Publication Number: P3514
View as PDF: P3514.pdf

Cotton has the ability to recover from damage or fruit loss. However, the goal of any production system is to avoid delayed maturity and yield losses. Compensation for fruit loss is highly dependent on several factors:

  • Timing of damage
    • Vegetative versus reproductive stage
    • Early season (more time to recover) versus late season (less time to recover)
  • Length and severity of damage
    • How long did damage occur?
    • How severe was the damage?
  • Environmental conditions
    • Other stresses: weeds, pathogens, drought, nutrient deficiency, etc.
    • Fall weather: An extended period of warm weather in September and October can increase maturation of fruit on the upper and/or outer portions of the plant. On the other hand, early onset of cool weather can prevent fruit on upper and/or outer portions of the plant from maturing, thus negating the compensatory effect.

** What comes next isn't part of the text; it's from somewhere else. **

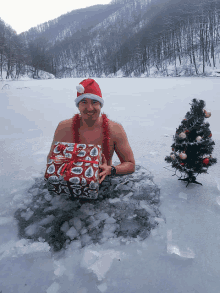 a shirtless man in a santa hat is holding a gift in a frozen lake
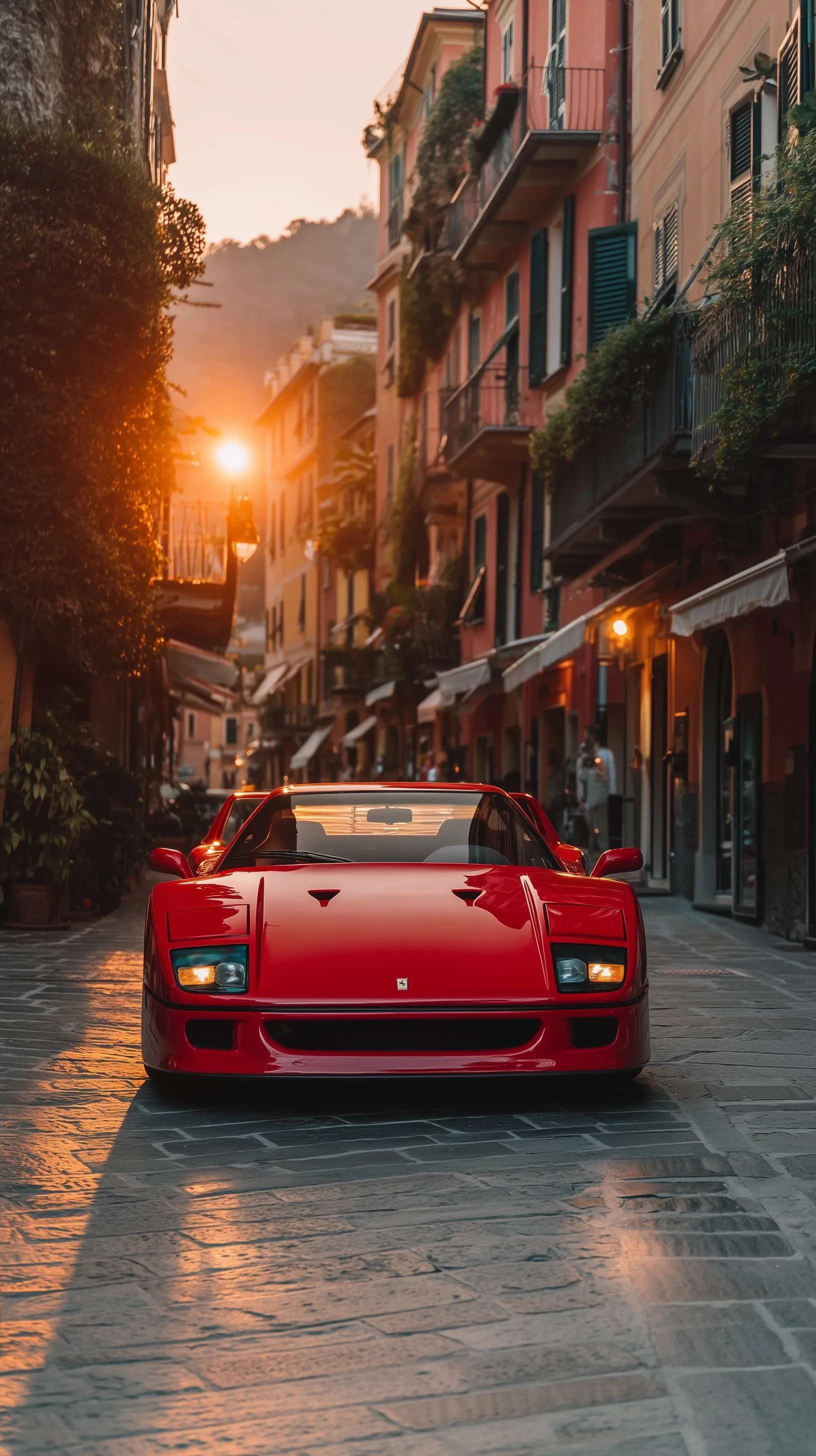 A red Ferrari F40 driving on a cobblestone street in Portofino during a warm golden hour sunset.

As the season progresses, the potential for insect damage increases and the time for crop recovery decreases. Thrips are the primary insect pest in seedling cotton; however, once the crop has moved into reproductive stages, tarnished plant bugs and bollworms become a greater concern (Figure 1). Both pests have the potential to be highly damaging, and they both occur later in the season when there is less time for compensatory fruit set.

 

Graphic shows that thrips are the primary concern from planting (about May 1) to first square (around June 1). Tarnished plant bugs and bollworms are a great concern from first flower (around July 1) through peak flower (around July 21), tapering off at cutout (around August 25).
Figure 1. Thrips are the primary insect pest in seedling cotton. Once the crop has moved into reproductive stages,
tarnished plant bugs and bollworms become a greater concern.

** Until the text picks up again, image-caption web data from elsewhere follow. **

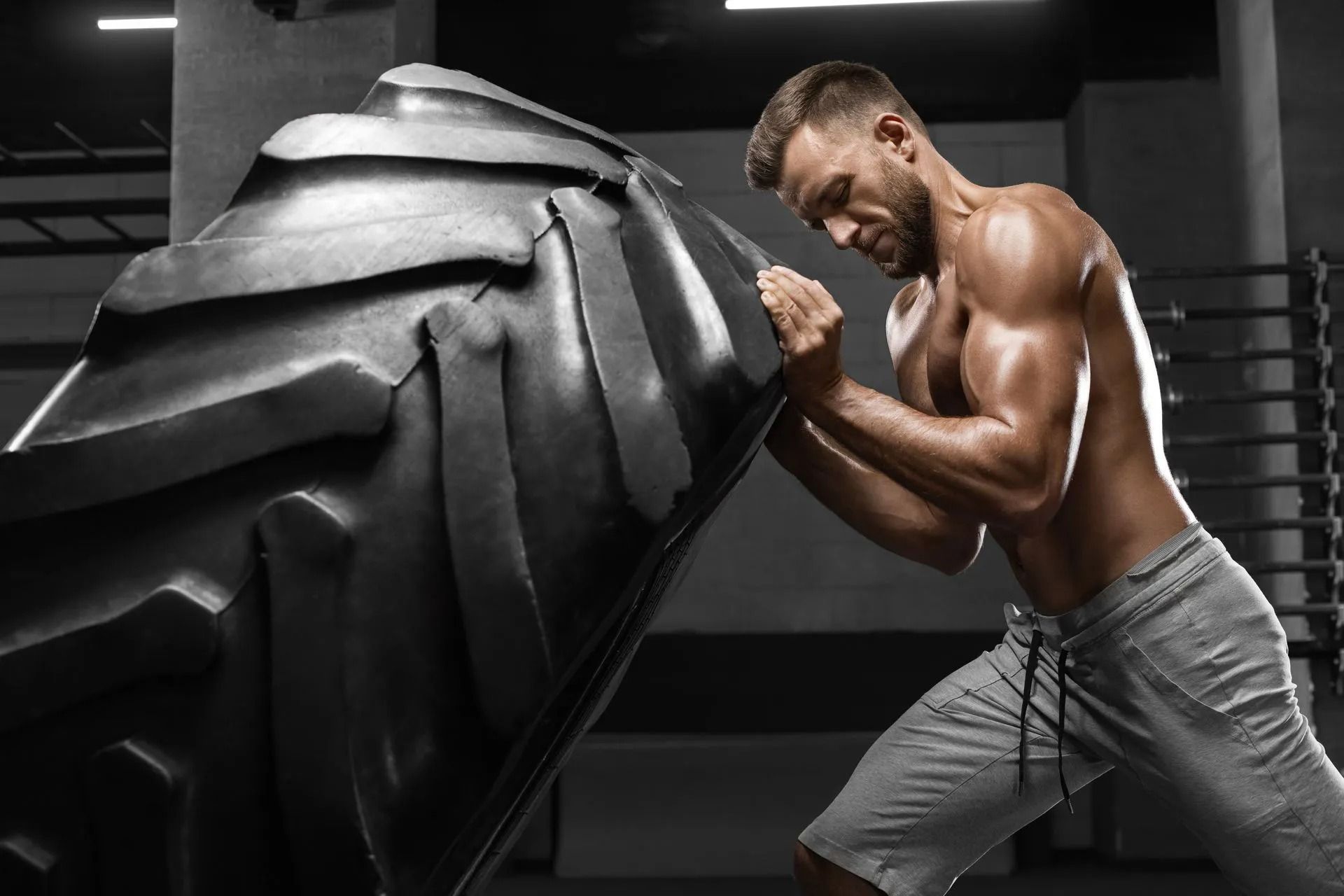 Man pushing a large tire in a gym, straining with effort.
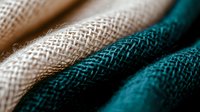Natural and teal burlap fabric texture in macro view showing detailed woven pattern and fibers, creating abstract diagonal lines and contrast in colors.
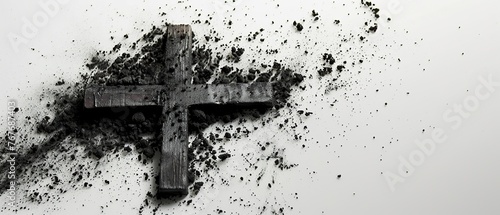A cross is surrounded by a cloud of ash. The ash is black and white, and it covers the entire cross. Concept of destruction and loss, as the cross is no longer recognizable photo
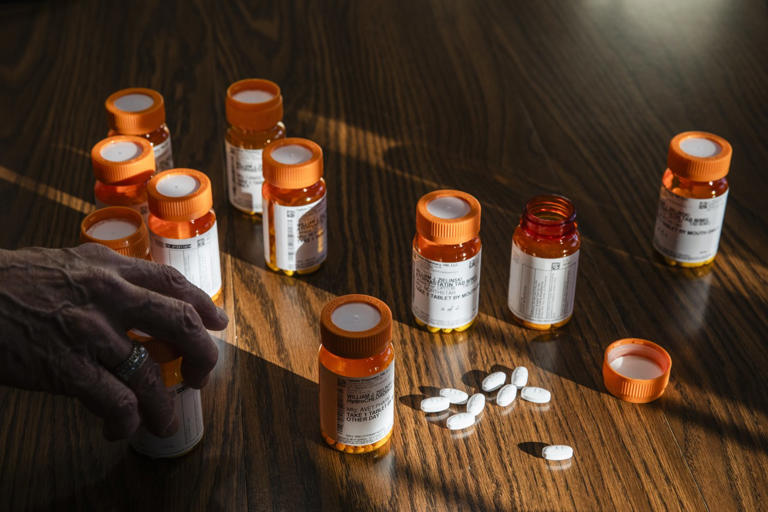 Zielinski with some of his supply of atorvastatin.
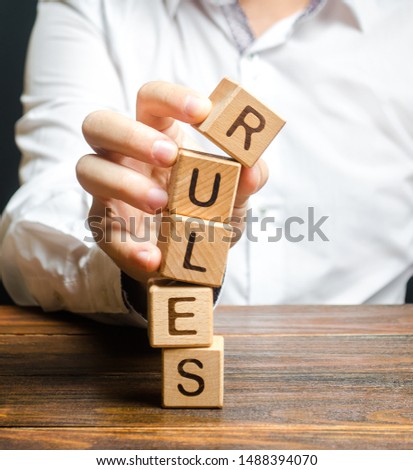 A man breaks the rules. Moral and ethical violations. Go against the law and system, non-recognition of the code of honor. Loopholes laws. Unreliable and dishonest business partner. Unprofessionalism Royalty-Free Stock Photo #1488394070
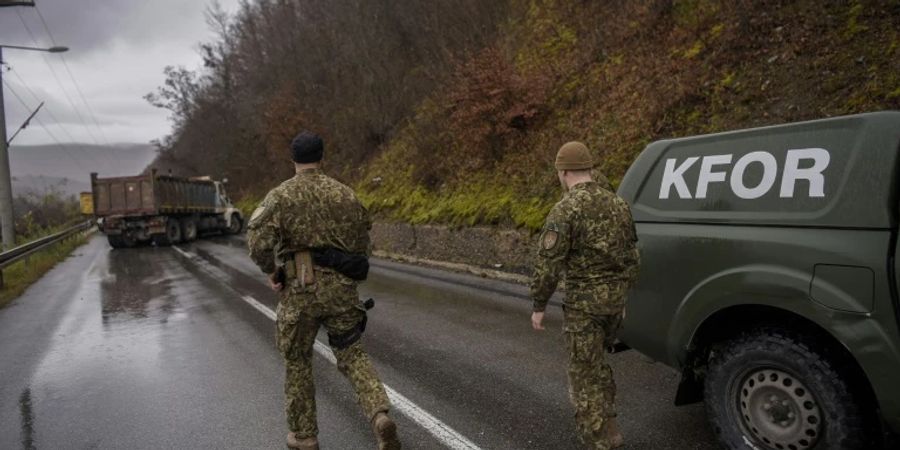 Soldaten der Nato-Mission Kfor inspizieren eine der blockierte Strassen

There are numerous examples of cotton fully compensating for insect damage and fruit loss with no impact on yield. Most crop scouts understand when to treat a pest population based on economic injury levels, but most do not fully understand how those decision levels are originally developed.

Economic threshold: 

The pest density at which management action should be taken to prevent an increasing pest population from reaching the economic injury level.

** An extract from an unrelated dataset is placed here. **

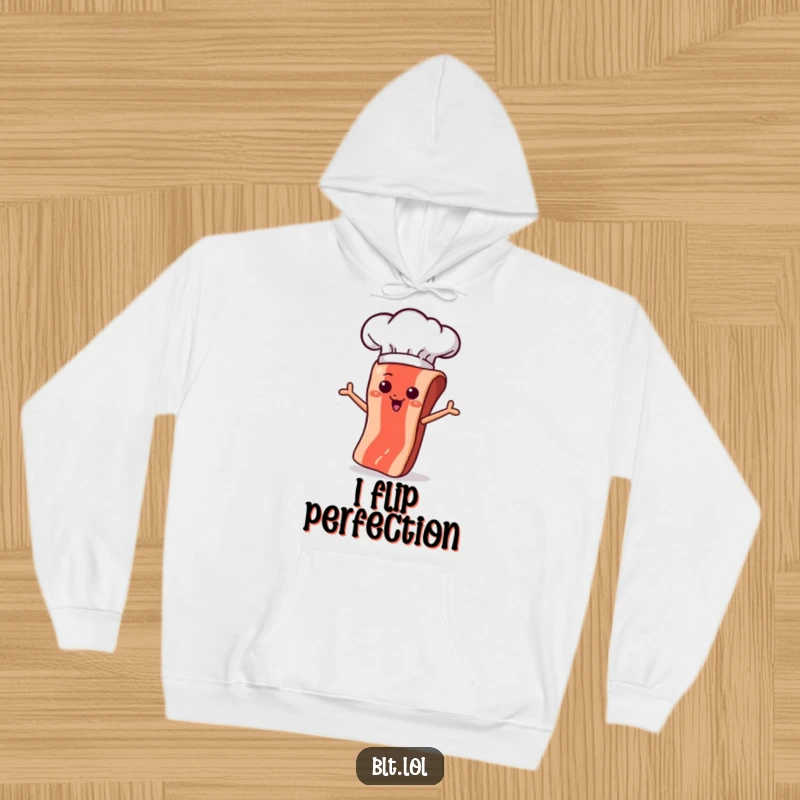Funny bacon strip wearing a chef hat, performing a perfect flip in a pan, on a comfortable hoodie.
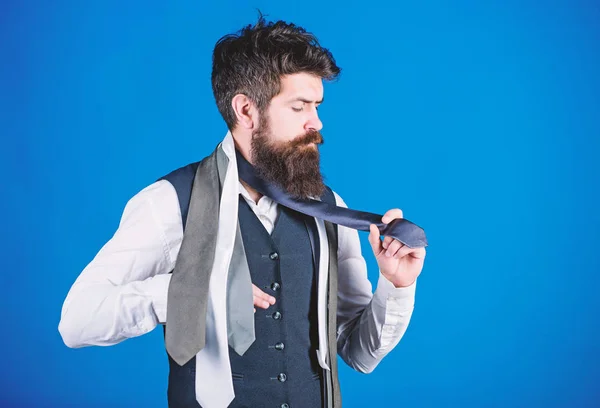 Classic style. How to match necktie with shirt and suit. Man bearded hipster hold few neckties on blue background. Guy with beard choosing necktie. Gentlemens guide. How to choose right tie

Rigorous research on individual pests in a target crop leads to the development of the commonly used economic threshold (ET) and economic injury level (EIL). Factors evaluated include the cost of the insecticide, the market value of the crop, and the loss caused to the crop per individual pest. The amount of crop loss per individual pest often takes into account the ability of the crop to compensate. Once the EIL is determined, the ET is set below the EIL to prevent an increasing pest population from reaching the EIL (where economic loss will actually occur). Therefore, we can often sustain some level of pest injury and not suffer economic loss.

Economic injury level: 

The smallest number of insects (amount of injury) that will cause yield losses equal to the insect management costs.

However, many factors can affect a plant’s ability to compensate for injury, especially environmental conditions. While consultants, producers, and researchers are highly skilled at spotting insect pest damage, a biased opinion could result in unwarranted insecticide applications. This is why it is important to conduct a structured insect count to determine the crop’s percent damage.

Late-season boll damage provides a prime example for economic loss versus non-economic damage from an insect pest. Figure 2 demonstrates the minimum number of damaged bolls needed at the respective location (top, middle, or bottom of the plant and first, second, or third position) per 10 feet of row to offset the cost of a diamide insecticide application (estimating $25 per acre total). These numbers are based on 1,400 pounds per acre of cotton and a market value of 63 cents per pound of lint. Cotton yield loss of 40 pounds of lint per acre would need to occur to equal the cost of the insecticide plus application. Yield loss of this magnitude is equivalent to about seven to nine bolls per 10 row feet. For example, to realize 40 pounds of yield loss, approximately 50 percent of the third-position bolls would need to be damaged.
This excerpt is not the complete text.